Most of us have a rudimentary view of what ‘Fine Art’ is but what on earth is ‘Specie’? Is it an alien, Big Foot, Yeti, Loch Ness Monster? Not quite. In insurance terms ‘Specie’ simply means ‘valuables’ like jewellery, gold bullion, antiquities, stamp collections, coins, cigarette cards, autographs etc. Indeed, anything that has a value with a ready market for sale.
Many people collect things they think are beautiful or may be ‘worth something, some day’. It is these beautiful, and sometimes bizarre things that fall under this special insurance category. Having traveled the world thanks to an insurance career spanning more than half a century, I’ve become an avid collector and always found the insurance of ‘Specie’ to be one of the more intriguing forms of cover.
I didn’t take much notice of ‘art’ or ‘Specie’ in school beyond the usual splashing of paint, modelling clay and collecting cheap stamps. However when I joined the Commercial Union Insurance Company (Sheffield branch) in 1966, I began to take an interest in both ‘Fine Art’ and ‘Specie’. Specie because I began earning my own money and got interested in watches, jewellery, coins and ‘old things’. I am still interested in those types of ‘Specie’ today.
My sales patch was the River Don Valley including all the steelworks from Sheffield to Doncaster, or “smogville” as my dad called it. To offset this dirty, dangerous sales patch, I was given all the Sheffield City Council premises, including the Sheffield Art Gallery, the Central Library and the Weston Park Museum – all fascinating places. The gentle quietness of the art gallery, library and museum gave me a deep, abiding interest and appreciation of paintings, sculptures, carvings, old books and bizarre objects. My personal collection includes a Dutch canon, spears, Japanese katanas and wakizashis.
Among the native artifacts and weapons I’ve collected from Zambia and Kenya are ‘rungus’ and mojos (fertility symbols). ‘Throwing rungus’ are used for hunting game but in a battle scenario, when you’re holding a shield, the larger rungus are very effective weapons. The gnarled root is filled with a resin which hardens until it’s like iron. If that gets effectively thrown at you, it will probably kill you. My son still has one in his collection and donated one rungu to the Western Park Museum in Sheffield.

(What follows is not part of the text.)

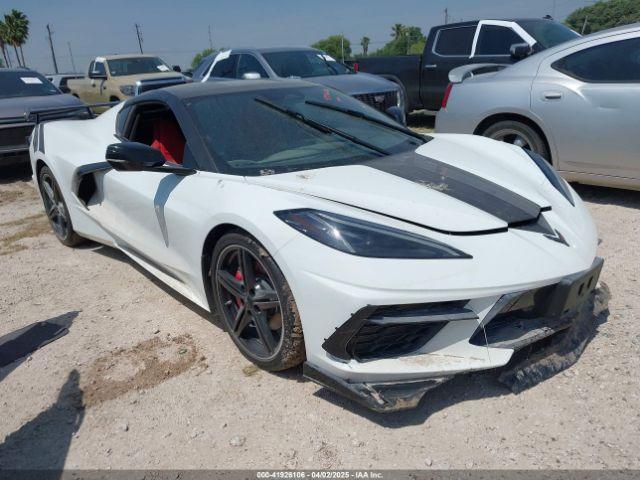  Salvage Chevrolet Corvette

Also in my son’s collection, is a fertility mojo from Zambia. It was a carving of an old man with a staff, and seems to have been particularly effective. My son put it on display, but after he soon had two more kids, his wife decided to cover it up! I’ve still got an ebony family totem from the Papua Province of Indonesia (formerly Irian Jaya) in my house, but now that I’m 71 and my wife is 69, we’re hoping we don’t have to worry about having any more kids! Of course we still like waving the totem at people when they visit.
I’ve also got a blowgun with a spear attached, collected from Kalimantan in East Borneo. I brought it back with me on a canoe and then a plane to Jakarta. Just in case anyone is ‘interested’ in my collection, they should know the blowgun is still in fine working condition!
Of course, I’m not the only one fascinated by artifacts and collectibles. My collection is just one of millions around the world. All these ‘valuables’ can be insured, whether they’re housed in museums, galleries, libraries, shops, or in private collections.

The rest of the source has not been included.